DNA testing confirmed that three U.S. citizens were among the four bodies found shot to death near the Texas border more than two weeks after they went missing on a visit to Mexico, prosecutors announced.

The statement issued late Friday by the Tamaulipas state prosecutor's office did not mention the fourth body, which is believed to be the Mexican boyfriend of one of the slain Americans who disappeared with them.

Earlier Friday, Tamaulipas officials said they were investigating a possible police connection to the deaths near the border city of Matamoros. The family of the Americans has said witnesses reported they were taken away from a restaurant by armed men who identified themselves as part of the "Hercules" tactical security unit in Matamoros

The Mexican father of the three Americans, Pedro Alvarado, had previously identified his children from photos of the bodies. But the prosecutor's statement said DNA tests permitted them to officially confirm the deaths of Erica Alvarado Rivera, 26, and her brothers, Alex, 22, and Jose Angel, 21, all of Progreso, Texas. They disappeared Oct. 13 along with Jose Guadalupe Castaneda Benitez, Erica Alvarado's 32-year-old boyfriend.

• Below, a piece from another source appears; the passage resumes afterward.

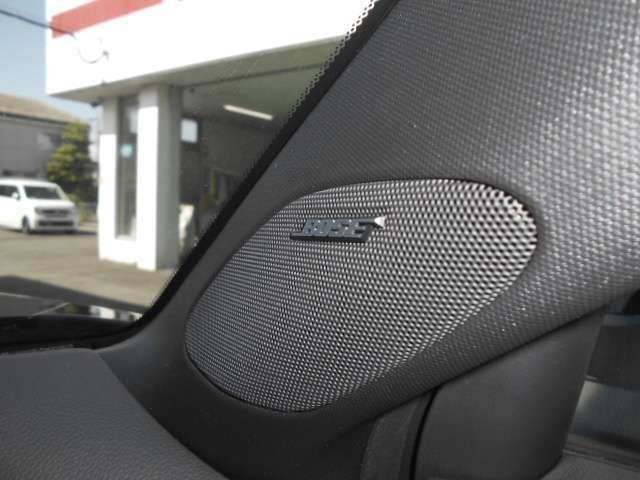 BOSE社と共同開発した12スピーカー搭載のサウンドシステム☆コンサート会場にいるような臨場感を味わえます♪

Each of the four dead had been shot in the head and the bodies were burned, most likely from lying in the hot sun for so long, Tamaulipas state Attorney General Ismael Quintanilla Acosta said Friday.

His office's statement said that in addition to questioning nine of the 40 officers in the Hercules unit, investigators were interviewing the unit's director, City Clerk Joe Mariano Vega, and city public safety director Juan Sanchez.

Matamoros officials have made no comments about the case.

Mexico already was struggling with two other incidences of alleged abuse and killings by security forces.

The country is in a furor over the disappearance of 43 teachers college students in the southern state of Guerrero after a confrontation with police in the city of Iguala in late September. Prosecutors blame the disappearance on Iguala's mayor and police working with a drug cartel. Fifty-six people are under arrest, including dozens of officers.

In June, a patrol of soldiers killed 22 suspected gang members in Mexico state, then altered the scene and intimidated witnesses trying to cover up the fact that most of the dead were executed after they surrendered, the National Commission on Human Rights charged last week. Three soldiers face murder charges.